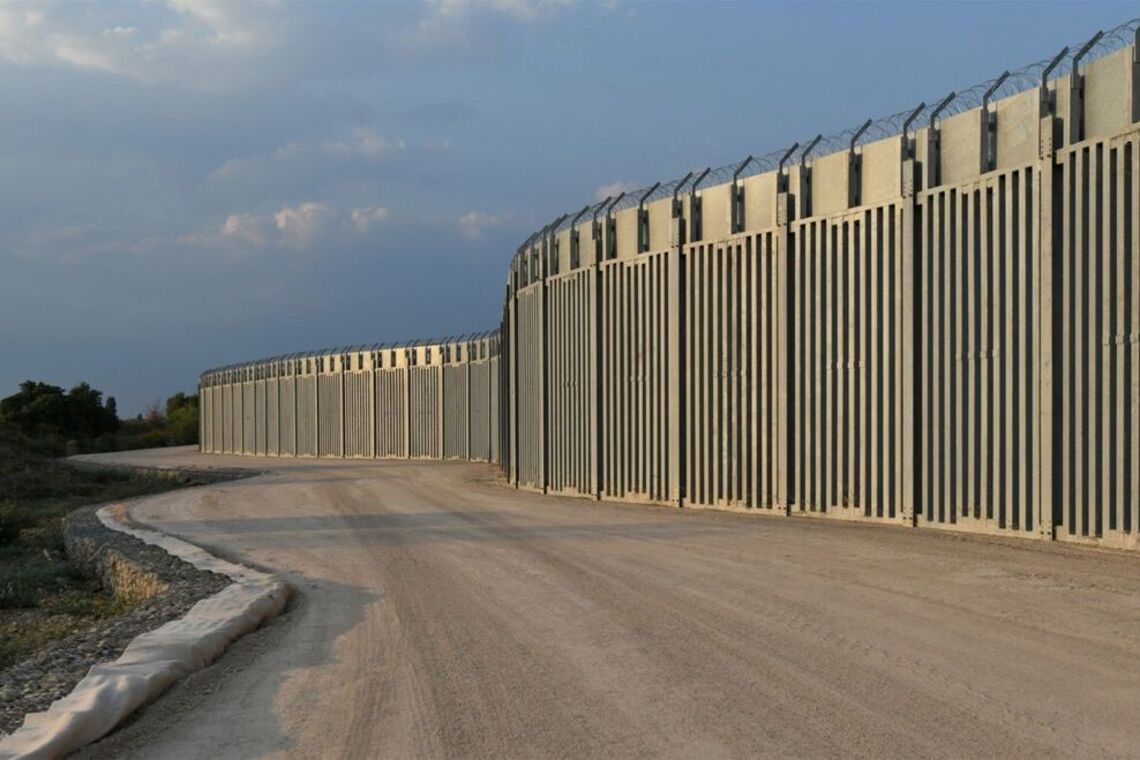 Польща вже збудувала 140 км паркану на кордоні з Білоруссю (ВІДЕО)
---
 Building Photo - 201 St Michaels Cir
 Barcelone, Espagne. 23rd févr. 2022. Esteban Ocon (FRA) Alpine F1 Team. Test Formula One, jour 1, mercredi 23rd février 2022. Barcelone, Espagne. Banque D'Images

Required work: Copy out only the lines above from the one with "Building Photo - 201 St Michaels Cir" to the one with "Barcelone, Espagne. 23rd", inclusive, exactly as they stand.

Response to the exercise:
 Building Photo - 201 St Michaels Cir
 Barcelone, Espagne. 23rd févr. 2022. Esteban Ocon (FRA) Alpine F1 Team. Test Formula One, jour 1, mercredi 23rd février 2022. Barcelone, Espagne. Banque D'Images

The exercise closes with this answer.